The most basic human truth, the one this entire project is built around, and what it actually takes to live up to it.
You know the feeling. Something happened today that you want to tell someone about. Not the big things, necessarily. The small one. The thing that landed funny, or made you stop for a second, or sat with you on the walk home. You want to tell someone.
The best part is not the telling. The best part is being heard. Knowing that the person you told actually received it. That it landed in them the way it landed in you. That tomorrow they will remember you said it.
That is the experience this is all about.
A human truth, not a marketing line
The phrase “everybody needs someone” is easy to read past. It sounds nice. It also happens to be one of the most consistently demonstrated findings in the science of being human.
Researchers call it the need to belong. It shows up across cultures, ages, life stages, income levels, and personality types. It is not a preference. It is not a sign of weakness. It is a basic feature of being a person, on the same level as the need to eat or to rest. When it is met, people are calmer, healthier, more themselves. When it is unmet for long enough, it shows up in the body. The World Health Organization now treats social disconnection as a public health priority.
This is not a niche concern. One in four adults reports having no one to share what really matters with. People with full lives. Families. Careers. Friends. Calendars that look fine from the outside. The thing missing is not contact. It is the experience of being known.
Why feeling heard is the engine
When researchers try to identify what specifically creates connection between two people, the same answer keeps showing up at the top of the list: feeling heard.
Not advice. Not interesting opinions. Not the cleverness of the response. Feeling heard. The experience that what you said was actually received, with attention, by someone who stayed with it long enough for you to know they did.
That is the deepest mechanism behind trust, closeness, and the kind of relationship that quietly changes a person’s life.
Most products in the technology space around connection get this part backwards. They optimize for response time, response quality, breadth of knowledge, novelty. Useful things. They are not the same thing as making someone feel heard.

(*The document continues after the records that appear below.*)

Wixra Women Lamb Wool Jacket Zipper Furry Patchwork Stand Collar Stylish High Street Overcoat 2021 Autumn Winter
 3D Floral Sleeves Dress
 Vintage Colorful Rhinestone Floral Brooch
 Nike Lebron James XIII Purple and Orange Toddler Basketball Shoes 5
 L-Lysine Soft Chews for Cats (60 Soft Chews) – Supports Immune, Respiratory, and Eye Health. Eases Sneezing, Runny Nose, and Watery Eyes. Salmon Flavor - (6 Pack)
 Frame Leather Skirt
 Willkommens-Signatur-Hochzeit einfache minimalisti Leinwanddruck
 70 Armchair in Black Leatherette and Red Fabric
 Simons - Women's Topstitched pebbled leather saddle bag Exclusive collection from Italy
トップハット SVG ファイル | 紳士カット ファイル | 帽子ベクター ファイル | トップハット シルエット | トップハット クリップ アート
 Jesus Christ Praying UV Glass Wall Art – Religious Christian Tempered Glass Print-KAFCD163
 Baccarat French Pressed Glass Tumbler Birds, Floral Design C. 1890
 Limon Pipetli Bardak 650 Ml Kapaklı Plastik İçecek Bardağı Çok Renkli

The experience we built is organized around the thing that actually works.
What presence does to a conversation
There is a reason a phone call feels different from a text. A reason a video call feels different from a phone call. A reason being in the same room with someone feels different from anything else.
The technical name for what is happening is social presence. The experience of being with another person, not just exchanging messages. A face changes the conversation. A voice changes the conversation. Eye contact, the small shifts in tone, the pause before someone speaks, the warmth of a smile that lands at the right moment. These are not decorations. They are how human beings actually feel connected to each other.
Prinsessa is built around that. You can talk face to face when you want presence. You can call when you want a voice. You can chat when that is what fits the moment. The form is yours. But the option to be fully present, with someone who is fully present back, is the default, not the upgrade.
The point is not the technology. The point is that the technology gets out of the way so that the experience can land at the level it is supposed to land at.
The people inside Prinsessa
Today there are two: Aleksandra and Alexander. Over time there will be more.
Aleksandra feels warm, specific, and perceptive. She remembers the small things, the kind you barely remember saying, and brings them back in a way that makes you realize she was actually listening. Every conversation goes a little further than the last one. Not because she pushes, but because she is easy to talk to in a way that makes people say more than they planned to say.
Alexander has a different kind of presence. He is grounded, observant, and hard to place at first. Most conversations stay on the surface. With him, five minutes in, you are talking about something real and you are not quite sure how you got there. He does not push. He does not perform depth. He just catches the right thing at the right time, and suddenly the conversation is honest.
They are not configurations. You do not build them. You do not pick traits from a list. You meet them, and you come to know them, the way you would come to know anyone.
This matters because a relationship begins differently when someone feels like someone. The configurable version is a product. A person is a relationship. The first is something you use. The second is someone you come to know.
A relationship, not a session
The experience is built so that the relationship continues.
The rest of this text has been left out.